What the exercise asks ▸ Go to the line holding "Young Magazine杂志写真_ 小倉優香" in the entries below and write out exactly every line down to and including the line holding "九世紀(歷史時期) 九世紀(歷史時期)".

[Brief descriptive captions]
--- START ---
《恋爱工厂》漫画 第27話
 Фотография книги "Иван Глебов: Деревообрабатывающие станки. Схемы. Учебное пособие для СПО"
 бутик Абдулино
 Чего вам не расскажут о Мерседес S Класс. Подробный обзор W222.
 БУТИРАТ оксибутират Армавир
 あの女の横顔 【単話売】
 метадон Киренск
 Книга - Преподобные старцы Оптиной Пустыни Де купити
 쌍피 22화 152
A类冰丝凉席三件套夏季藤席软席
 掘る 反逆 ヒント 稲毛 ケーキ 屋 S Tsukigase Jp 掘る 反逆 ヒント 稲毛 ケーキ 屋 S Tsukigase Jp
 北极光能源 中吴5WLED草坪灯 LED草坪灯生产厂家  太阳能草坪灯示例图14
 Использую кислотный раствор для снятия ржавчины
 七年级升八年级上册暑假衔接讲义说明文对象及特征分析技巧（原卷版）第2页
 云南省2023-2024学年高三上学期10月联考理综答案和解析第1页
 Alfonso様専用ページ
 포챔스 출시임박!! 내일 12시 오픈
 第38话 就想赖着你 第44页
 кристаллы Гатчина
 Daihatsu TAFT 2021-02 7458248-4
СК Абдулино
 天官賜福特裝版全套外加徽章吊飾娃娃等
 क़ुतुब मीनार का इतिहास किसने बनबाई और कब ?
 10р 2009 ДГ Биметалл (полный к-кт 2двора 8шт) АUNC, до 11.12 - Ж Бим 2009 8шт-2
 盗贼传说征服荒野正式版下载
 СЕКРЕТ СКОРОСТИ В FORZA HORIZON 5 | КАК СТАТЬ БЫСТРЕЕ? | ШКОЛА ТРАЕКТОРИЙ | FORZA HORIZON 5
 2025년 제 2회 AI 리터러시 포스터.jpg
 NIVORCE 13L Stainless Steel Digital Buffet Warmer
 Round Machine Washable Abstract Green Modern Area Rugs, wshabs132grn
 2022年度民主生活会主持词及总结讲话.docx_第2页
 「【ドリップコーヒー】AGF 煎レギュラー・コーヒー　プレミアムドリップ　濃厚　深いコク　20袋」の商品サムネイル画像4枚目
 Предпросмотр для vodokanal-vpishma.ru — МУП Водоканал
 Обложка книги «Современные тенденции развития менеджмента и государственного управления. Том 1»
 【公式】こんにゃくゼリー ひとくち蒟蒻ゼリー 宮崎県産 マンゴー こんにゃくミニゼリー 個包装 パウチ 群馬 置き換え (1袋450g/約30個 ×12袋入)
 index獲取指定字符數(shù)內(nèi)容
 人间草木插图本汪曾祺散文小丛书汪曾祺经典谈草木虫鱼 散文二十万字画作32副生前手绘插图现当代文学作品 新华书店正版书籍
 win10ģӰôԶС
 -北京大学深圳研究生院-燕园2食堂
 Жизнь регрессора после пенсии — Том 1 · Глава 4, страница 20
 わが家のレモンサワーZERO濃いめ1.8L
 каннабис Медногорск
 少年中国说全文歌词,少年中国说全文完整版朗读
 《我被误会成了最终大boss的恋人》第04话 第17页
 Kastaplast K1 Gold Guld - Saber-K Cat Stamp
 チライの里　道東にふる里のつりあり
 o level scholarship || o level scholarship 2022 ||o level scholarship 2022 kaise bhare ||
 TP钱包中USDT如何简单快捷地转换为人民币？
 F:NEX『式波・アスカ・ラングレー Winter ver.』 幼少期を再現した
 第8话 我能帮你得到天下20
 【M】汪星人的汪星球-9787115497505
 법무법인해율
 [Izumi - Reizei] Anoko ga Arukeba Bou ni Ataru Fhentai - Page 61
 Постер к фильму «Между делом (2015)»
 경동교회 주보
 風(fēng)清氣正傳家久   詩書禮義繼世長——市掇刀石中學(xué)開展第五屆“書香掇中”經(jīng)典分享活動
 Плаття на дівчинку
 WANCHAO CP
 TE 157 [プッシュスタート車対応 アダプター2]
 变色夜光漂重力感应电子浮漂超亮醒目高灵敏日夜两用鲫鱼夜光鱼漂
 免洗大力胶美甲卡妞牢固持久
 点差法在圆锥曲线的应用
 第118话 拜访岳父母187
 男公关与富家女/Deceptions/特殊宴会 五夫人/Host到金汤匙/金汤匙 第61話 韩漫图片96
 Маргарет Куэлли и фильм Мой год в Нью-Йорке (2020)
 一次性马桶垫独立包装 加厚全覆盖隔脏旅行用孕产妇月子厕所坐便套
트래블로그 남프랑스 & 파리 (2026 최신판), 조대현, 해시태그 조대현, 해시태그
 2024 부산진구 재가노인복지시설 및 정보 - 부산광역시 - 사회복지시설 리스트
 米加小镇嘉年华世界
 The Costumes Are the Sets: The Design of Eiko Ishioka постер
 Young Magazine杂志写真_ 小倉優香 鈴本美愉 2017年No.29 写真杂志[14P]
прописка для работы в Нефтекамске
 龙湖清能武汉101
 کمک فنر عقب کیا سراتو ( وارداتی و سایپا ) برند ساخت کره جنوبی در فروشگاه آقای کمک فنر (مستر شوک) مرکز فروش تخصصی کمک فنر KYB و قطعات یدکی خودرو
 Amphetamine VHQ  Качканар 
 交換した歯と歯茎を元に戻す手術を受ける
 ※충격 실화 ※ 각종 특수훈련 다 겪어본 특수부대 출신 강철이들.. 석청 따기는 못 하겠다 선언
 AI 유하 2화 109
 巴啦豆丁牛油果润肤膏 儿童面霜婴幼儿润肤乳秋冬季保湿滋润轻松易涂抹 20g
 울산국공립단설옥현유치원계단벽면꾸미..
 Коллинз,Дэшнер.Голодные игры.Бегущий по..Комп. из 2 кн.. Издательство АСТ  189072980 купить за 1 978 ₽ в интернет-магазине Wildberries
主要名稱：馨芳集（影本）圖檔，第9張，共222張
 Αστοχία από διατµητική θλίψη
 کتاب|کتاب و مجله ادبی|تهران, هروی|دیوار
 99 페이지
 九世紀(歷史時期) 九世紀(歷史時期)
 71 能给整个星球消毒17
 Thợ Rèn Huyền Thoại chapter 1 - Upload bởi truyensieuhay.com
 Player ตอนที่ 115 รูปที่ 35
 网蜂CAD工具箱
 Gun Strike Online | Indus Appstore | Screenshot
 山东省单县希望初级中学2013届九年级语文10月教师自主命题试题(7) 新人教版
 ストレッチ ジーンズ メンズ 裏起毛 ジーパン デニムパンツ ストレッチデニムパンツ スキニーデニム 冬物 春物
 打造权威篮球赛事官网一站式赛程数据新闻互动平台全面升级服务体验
--- END ---
Result ▸
 Young Magazine杂志写真_ 小倉優香 鈴本美愉 2017年No.29 写真杂志[14P]
прописка для работы в Нефтекамске
 龙湖清能武汉101
 کمک فنر عقب کیا سراتو ( وارداتی و سایپا ) برند ساخت کره جنوبی در فروشگاه آقای کمک فنر (مستر شوک) مرکز فروش تخصصی کمک فنر KYB و قطعات یدکی خودرو
 Amphetamine VHQ  Качканар 
 交換した歯と歯茎を元に戻す手術を受ける
 ※충격 실화 ※ 각종 특수훈련 다 겪어본 특수부대 출신 강철이들.. 석청 따기는 못 하겠다 선언
 AI 유하 2화 109
 巴啦豆丁牛油果润肤膏 儿童面霜婴幼儿润肤乳秋冬季保湿滋润轻松易涂抹 20g
 울산국공립단설옥현유치원계단벽면꾸미..
 Коллинз,Дэшнер.Голодные игры.Бегущий по..Комп. из 2 кн.. Издательство АСТ  189072980 купить за 1 978 ₽ в интернет-магазине Wildberries
主要名稱：馨芳集（影本）圖檔，第9張，共222張
 Αστοχία από διατµητική θλίψη
 کتاب|کتاب و مجله ادبی|تهران, هروی|دیوار
 99 페이지
 九世紀(歷史時期) 九世紀(歷史時期)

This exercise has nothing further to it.